Work required:
When you repeat the entries, reproduce each line exactly and omit every picture.

Data records:
-----

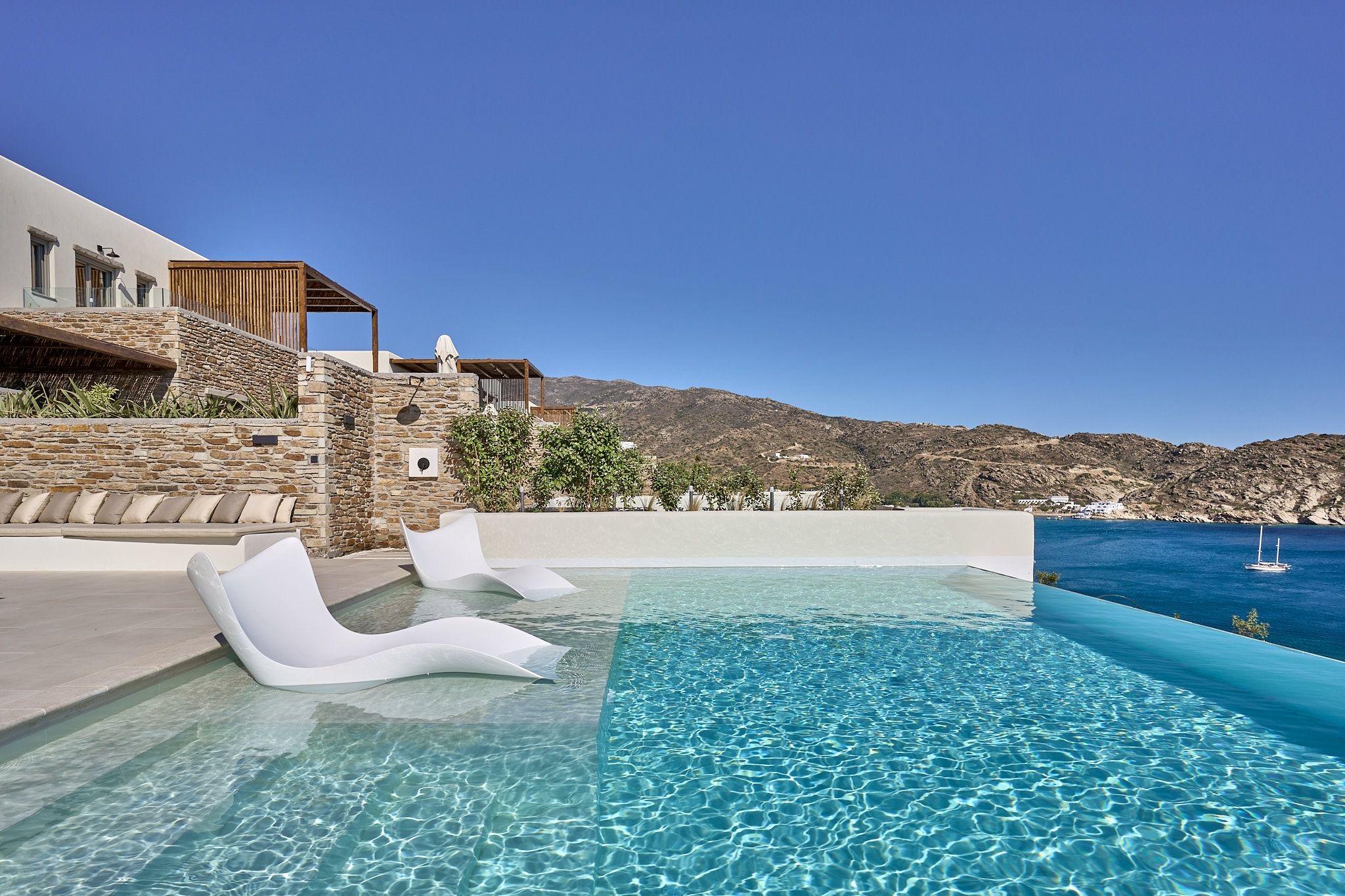 A pool with two white loungers floating in its shallow end, a stone-walled terrace behind, and hills and a sailing boat across the bay.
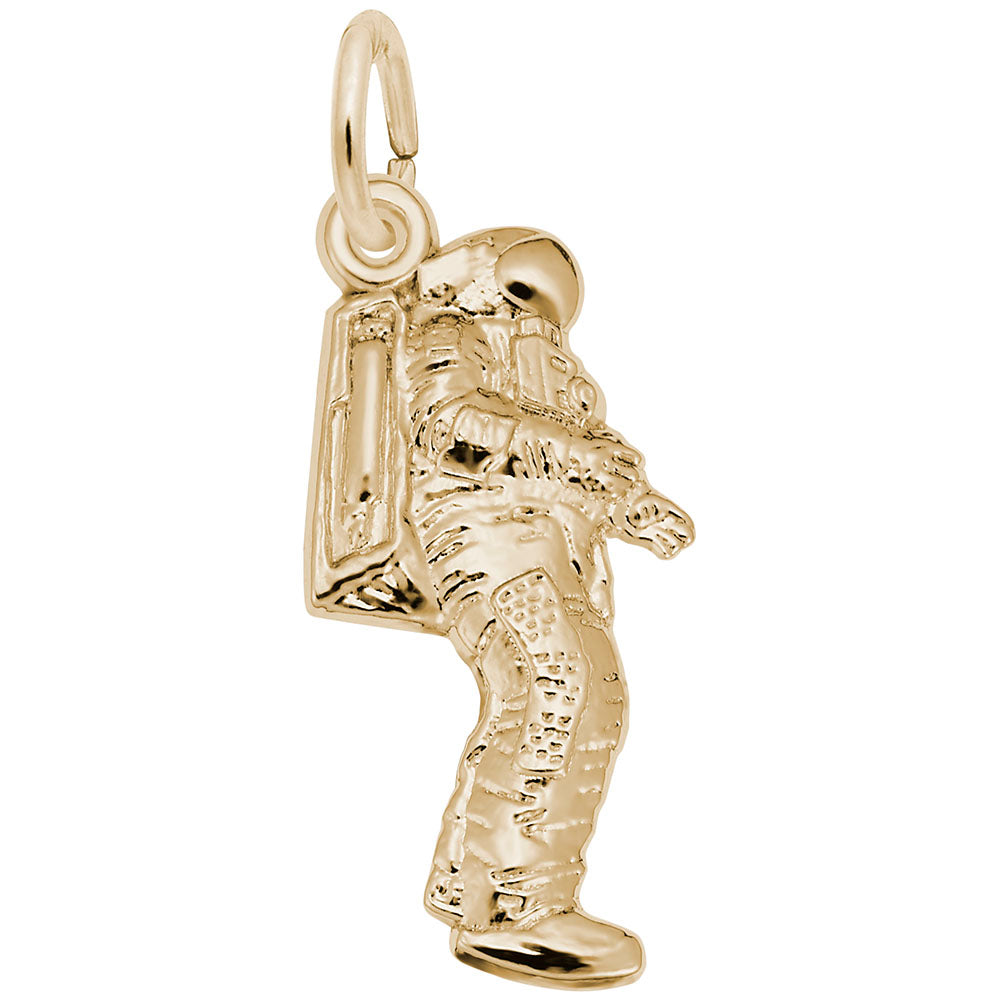 Gold astronaut charm on a white background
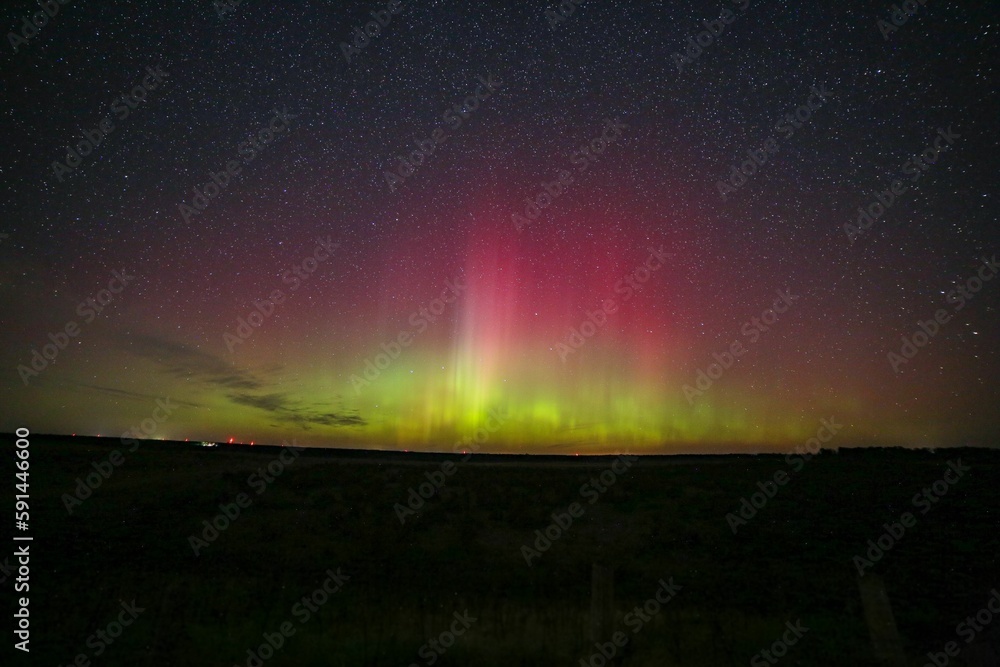 Spectacular night sky with a vivid aurora display and a starry sky - great for wallpapers Spectacular night sky with a vivid aurora display and a starry sky - great for wallpapers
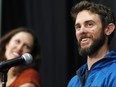 Travis Kauffman responds to questions during a news conference Thursday, Feb. 14, 2019, in Fort Collins, Colo., about his encounter with a mountain lion while running a trail just west of Fort Collins last week. Kaufman's girlfriend, Annie Bierbower, looks on at left. (AP Photo/David Zalubowski)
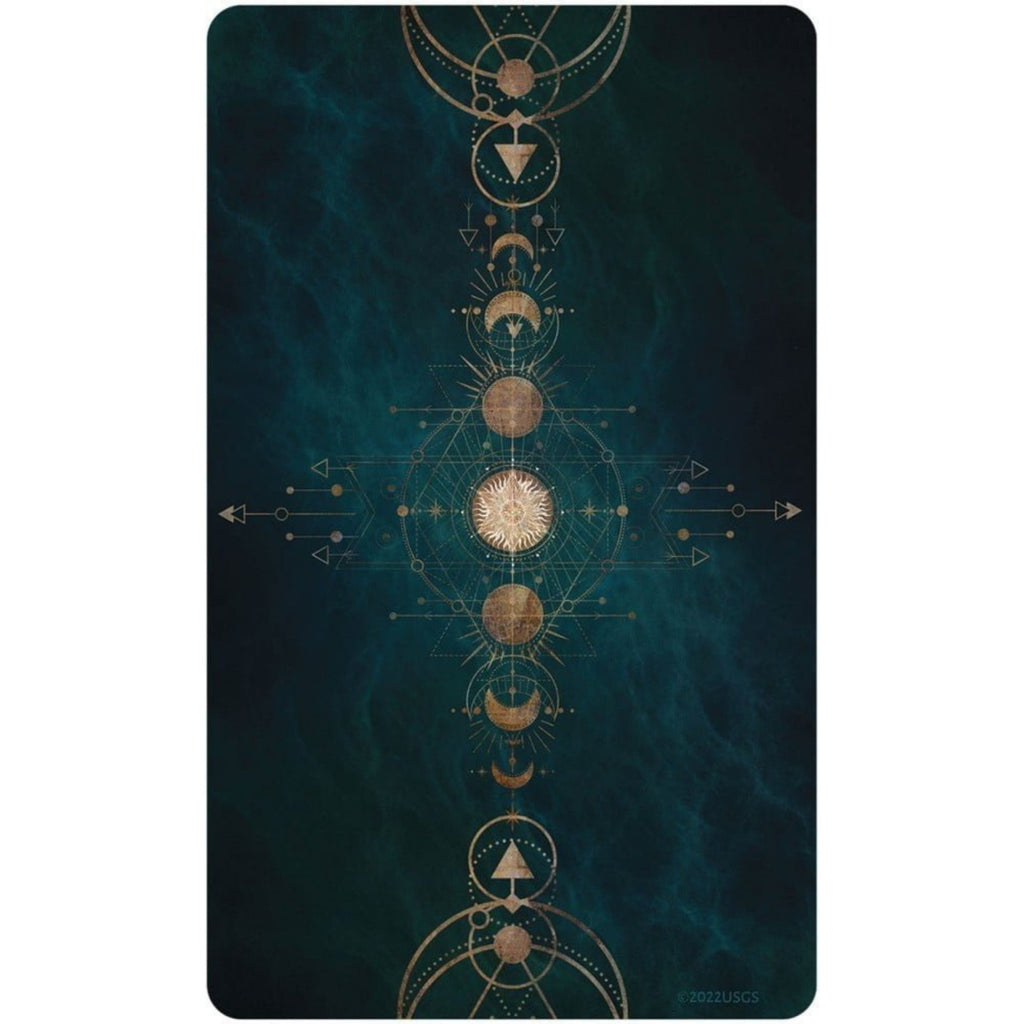 Back of card design with gold celestial design on a dark teal background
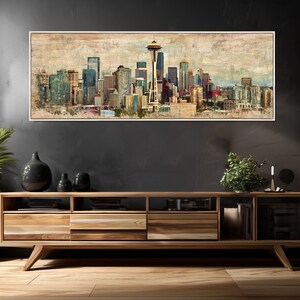 May include: A framed panoramic print of the Seattle skyline, featuring the Space Needle and various skyscrapers. The artwork has a vintage, textured appearance with muted colors, including blues, browns, and greens. The print is displayed above a wooden media console.
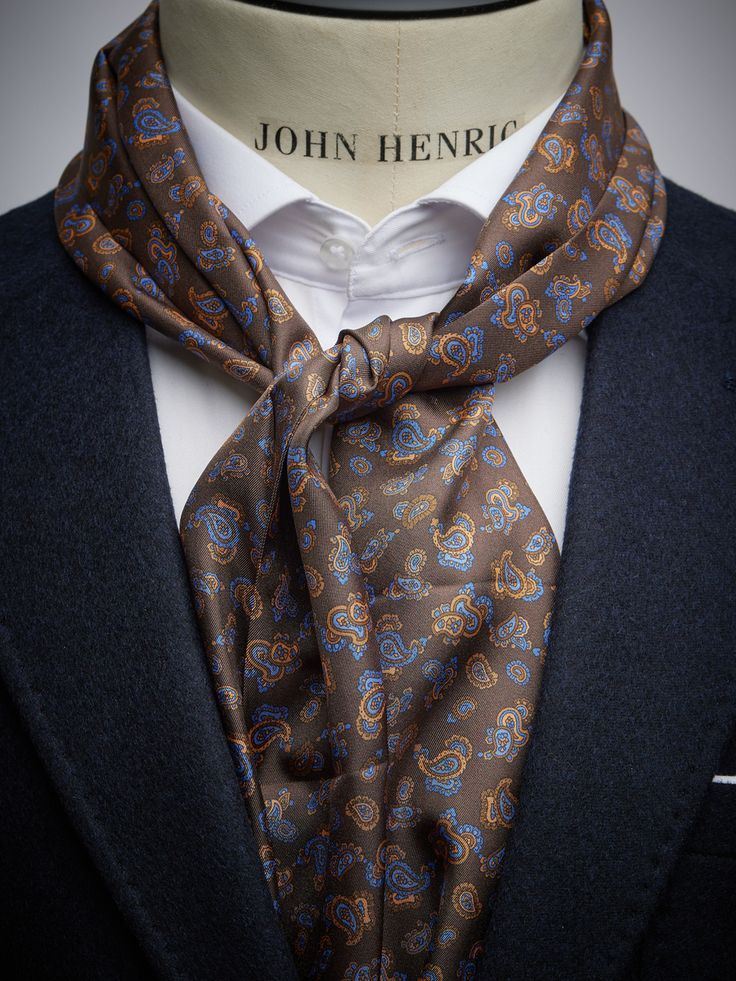 Men’s silk scarves – Brown silk scarf.
This brown silk scarf in a paisley print is a perfect relaxed but stylish alternative to the tie. The silk scarf is the perfect choice if you want to add an extra dimension to your look. Our silk scarves for men is sewn and manufactured with great care with tradition and genuine craftmanship. Classic Silk Scarves With Ties, Classic Business Scarves, Classic Brown Scarf For Formal Occasions, Classic Business Scarves With Ties, Classic Silk Scarf Neckwear, Classic Brown Silk Scarf, Formal Paisley Print Silk Scarf, Formal Silk Scarf With Paisley Print, Elegant Brown Silk Scarf For Formal Occasions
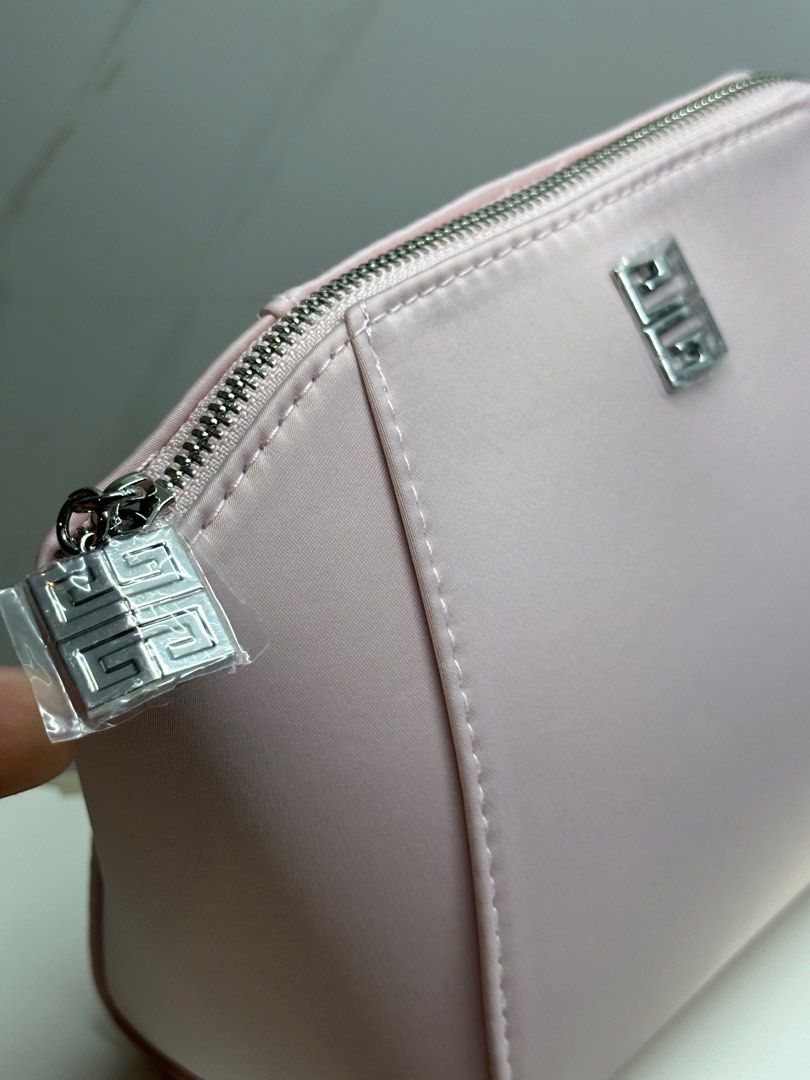Givenchy Pink Pouch (Category: Luxury Bags & Wallets) located in Dasmarinas. Submitted by veryjennifer (Listing ID 1378299534, Image 2). Description: Original By Givenchy Parfums Brand new On hand Color light pink 2pc available With box.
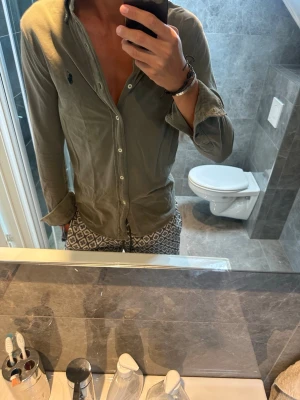 Olivgrön skjorta från Ralph Lauren  - Säljer en olivgrön skjorta från Ralph Lauren som har en snygg urtvättad nyans. Skjortan är i riktigt bra skick. Jag är 188cm och bör storlek S på bilden vilket funkar men inte helt optimalt. Hör av er vid fler frågor:)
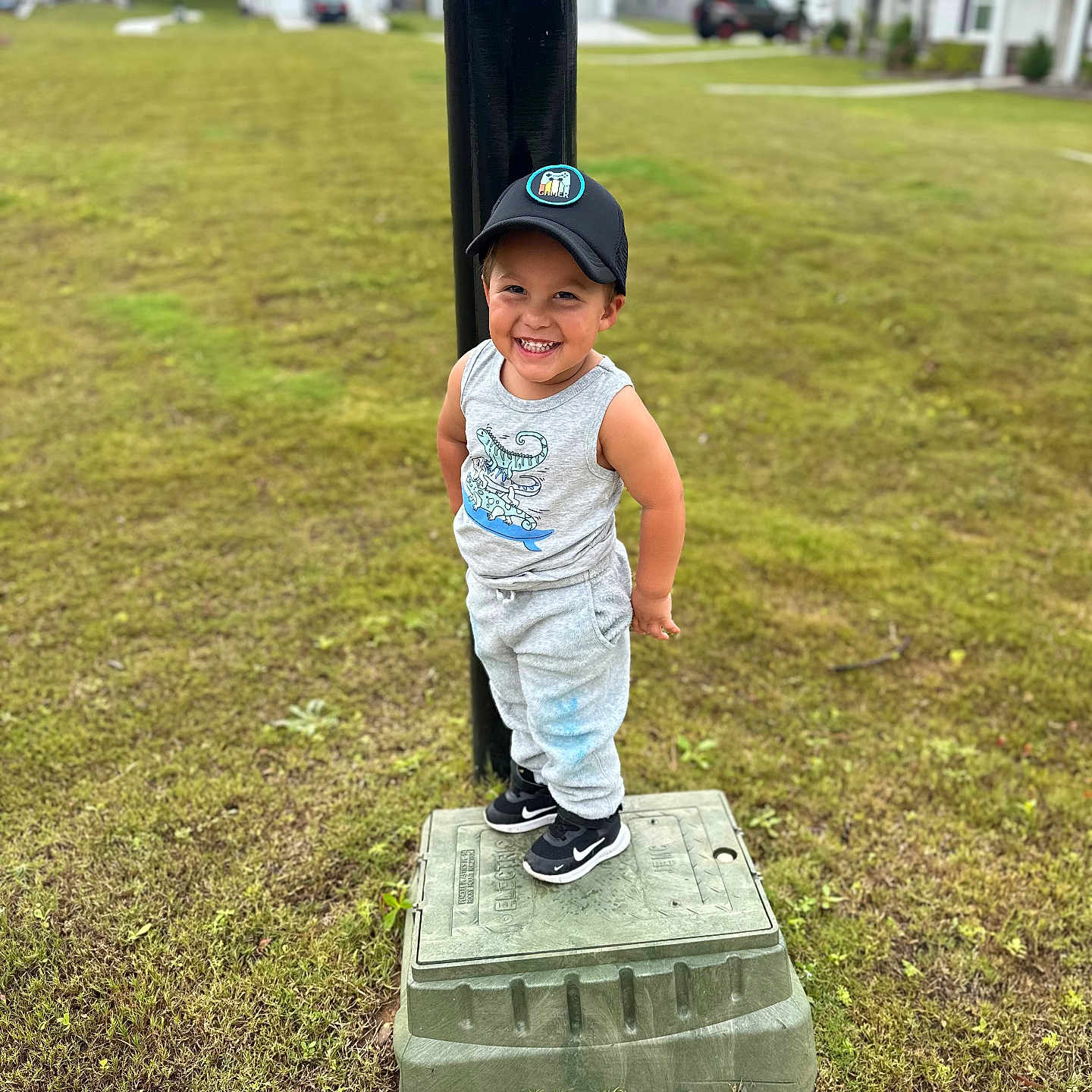 Arthur joined the competition — help win amazing prizes! cap, casual_clothing, child, daylight, grass, greenery, happy, house, nature, outdoor, person, playful, portrait, smiling, sneakers, standing, suburb, tank_top, toddler, utility_box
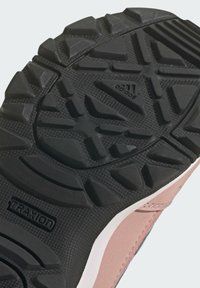 Czarna podeszwa buta sportowego z głębokimi wzorami trakcjami, w tym piramidalnymi wypustkami. Bok charakteryzuje się gładkim różowym i białym elementem wzorniczym.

-----

Solution:
 A pool with two white loungers floating in its shallow end, a stone-walled terrace behind, and hills and a sailing boat across the bay.
 Gold astronaut charm on a white background
 Spectacular night sky with a vivid aurora display and a starry sky - great for wallpapers Spectacular night sky with a vivid aurora display and a starry sky - great for wallpapers
 Travis Kauffman responds to questions during a news conference Thursday, Feb. 14, 2019, in Fort Collins, Colo., about his encounter with a mountain lion while running a trail just west of Fort Collins last week. Kaufman's girlfriend, Annie Bierbower, looks on at left. (AP Photo/David Zalubowski)
 Back of card design with gold celestial design on a dark teal background
 May include: A framed panoramic print of the Seattle skyline, featuring the Space Needle and various skyscrapers. The artwork has a vintage, textured appearance with muted colors, including blues, browns, and greens. The print is displayed above a wooden media console.
 Men’s silk scarves – Brown silk scarf.
This brown silk scarf in a paisley print is a perfect relaxed but stylish alternative to the tie. The silk scarf is the perfect choice if you want to add an extra dimension to your look. Our silk scarves for men is sewn and manufactured with great care with tradition and genuine craftmanship. Classic Silk Scarves With Ties, Classic Business Scarves, Classic Brown Scarf For Formal Occasions, Classic Business Scarves With Ties, Classic Silk Scarf Neckwear, Classic Brown Silk Scarf, Formal Paisley Print Silk Scarf, Formal Silk Scarf With Paisley Print, Elegant Brown Silk Scarf For Formal Occasions
Givenchy Pink Pouch (Category: Luxury Bags & Wallets) located in Dasmarinas. Submitted by veryjennifer (Listing ID 1378299534, Image 2). Description: Original By Givenchy Parfums Brand new On hand Color light pink 2pc available With box.
 Olivgrön skjorta från Ralph Lauren  - Säljer en olivgrön skjorta från Ralph Lauren som har en snygg urtvättad nyans. Skjortan är i riktigt bra skick. Jag är 188cm och bör storlek S på bilden vilket funkar men inte helt optimalt. Hör av er vid fler frågor:)
 Arthur joined the competition — help win amazing prizes! cap, casual_clothing, child, daylight, grass, greenery, happy, house, nature, outdoor, person, playful, portrait, smiling, sneakers, standing, suburb, tank_top, toddler, utility_box
 Czarna podeszwa buta sportowego z głębokimi wzorami trakcjami, w tym piramidalnymi wypustkami. Bok charakteryzuje się gładkim różowym i białym elementem wzorniczym.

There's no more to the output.